Reprendre et amplifier : tel semble être le mot d’ordre que se donne James Gray pour aborder son deuxième film. Bien des éléments de Little Odessa se retrouvent en effet dans The Yards : un rapport fraternel et initiatique (même sans lien du sang), une famille aussi protectrice que toxique, et un goût prononcé pour la tragédie.
La même modestie du personnage infuse l’exposition de l’intrigue. Leo (Mark Wahlberg, tout en subtilité) cherche une place dans une famille qui fonctionne très bien sans lui. Dans cette nuit constante, rythmée par des coupures d’électricité, il est celui qui sort de cellule et auquel on refuse la lumière, condamné à bredouiller en arrière-plan : le second couteau, le témoin, l’observateur, l’amoureux éconduit. Et lorsqu’on lui attribue le premier rôle, c’est pour lui faire porter le chapeau de l’ennemi public.
Ce premier équilibre fonctionne parfaitement, notamment autour de l’incandescent Joaquin Phoenix qui fait ici son entrée dans le cinéma de Gray et d’un James Caan qui semble prendre sa revanche sur le second rôle qu’il avait dans le Parrain en s’installant avec poids dans le fauteuil du patriarche.
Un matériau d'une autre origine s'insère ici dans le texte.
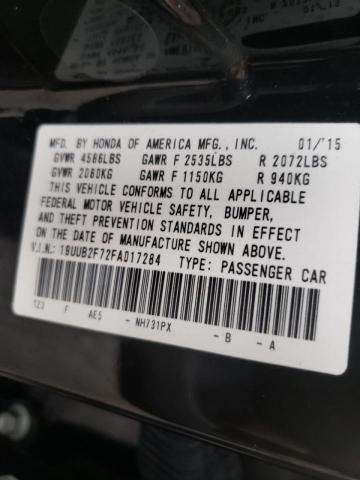 2015 ACURA TLX ADVANC 19UUB2F72FA017284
C’est d’ailleurs notamment par ce rôle que se joue l’amplification : le milieu du crime organisé, ainsi que la romance contrariée de Leo et sa cousine indiquent une ambition plus grande du cinéaste, au risque de certains excès. Certes, la complicité meurtrie entre les frères ennemis peut donner lieu à de belles scènes, comme cette bagarre de nuit entre eux, mais le triangle amoureux n’est pas toujours très juste, et les extrémités auxquelles le récit les mène inutilement romanesques.
La mort d’Erica (qui par ailleurs se retrouve dans une position quasi identique à Alla dans Little Odessa, la jambe à l’envers, statue déformée par le drame) ou l’entrée fracassante de Leo dans un coup de théâtre assez classique entachent un peu la subtilité des débuts.
L’ambiance reste néanmoins prenante, la direction d’acteur efficace et l’ensemble convaincant, notamment dans ce regard toujours pertinent sur l’urbanité souillée par le crime, à l’image de ces aiguillages qui inaugurent le film : une fascination pour le récit et ses méandres qui ne cessera jamais de motiver la filmographie de James Gray.